Buffett: US Probably Less Than Halfway Through Effects of Credit Crisis

The stock market is up so far today on mixed readings of the tea leaves. The Conference Board's index of leading indicators rose unexpectedly, which elicited some positive reports, but Reuters was not impressed, noting that the 0.1% rise showed weakness but not a formal recession. The Wall Street Journal attributed the rise to analyst upgrades of tech stocks and a softening of oil prices.

Warren Buffett, however, is not convinced the US economy is in the clear, discounting cheery talk that the credit crisis is soon to be over. From Bloomberg:


Billionaire Warren Buffett said the U.S. economy is less than halfway through a credit crisis that already sent home foreclosures to a record and sparked the collapse of Wall Street's fifth-largest securities firm.

``I don't necessarily think we're halfway through or necessarily a quarter of the way through the effects throughout the general economy,'' Buffett, 77, told reporters today in Frankfurt, Germany. ``The initial effects are felt by the people who really did the silliest things, but you can have a whole bunch of domino-type effects that eventually can get to people who are doing fairly sound things.''....

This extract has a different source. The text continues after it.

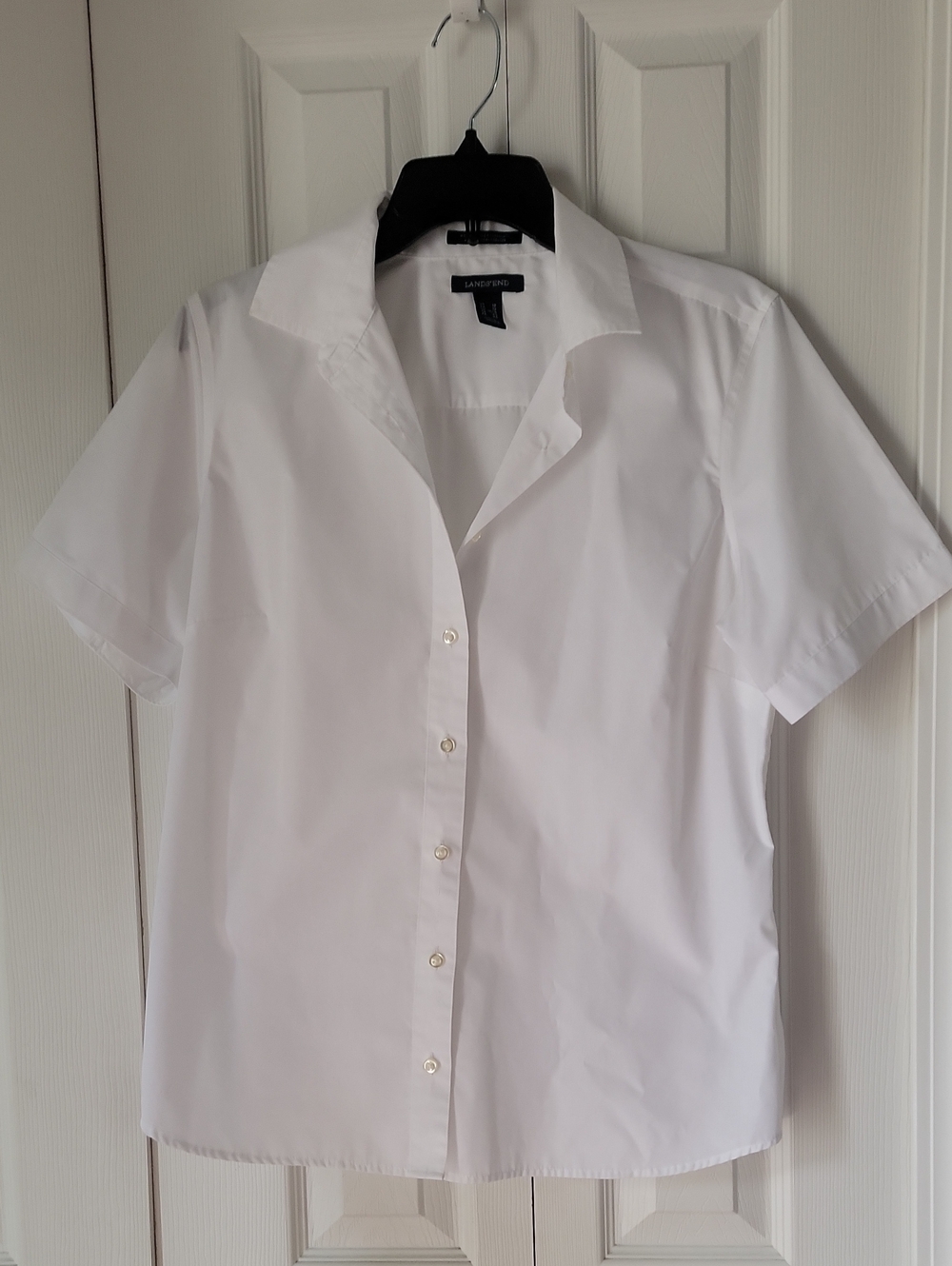 Lands' End Women's White Short-Sleeve Button-Up Shirt - Picture 3 of 5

The danger of multiple investment bank failures probably ended when the Federal Reserve orchestrated the takeover of Bear Stearns Cos. by JPMorgan Chase & Co., said Buffett, chairman of Omaha, Nebraska-based Berkshire Hathaway Inc. Yet the damage to the economy and individuals will keep mounting, he said.

``In my judgment, there's a good chance that most of that is not over,'' said Buffett.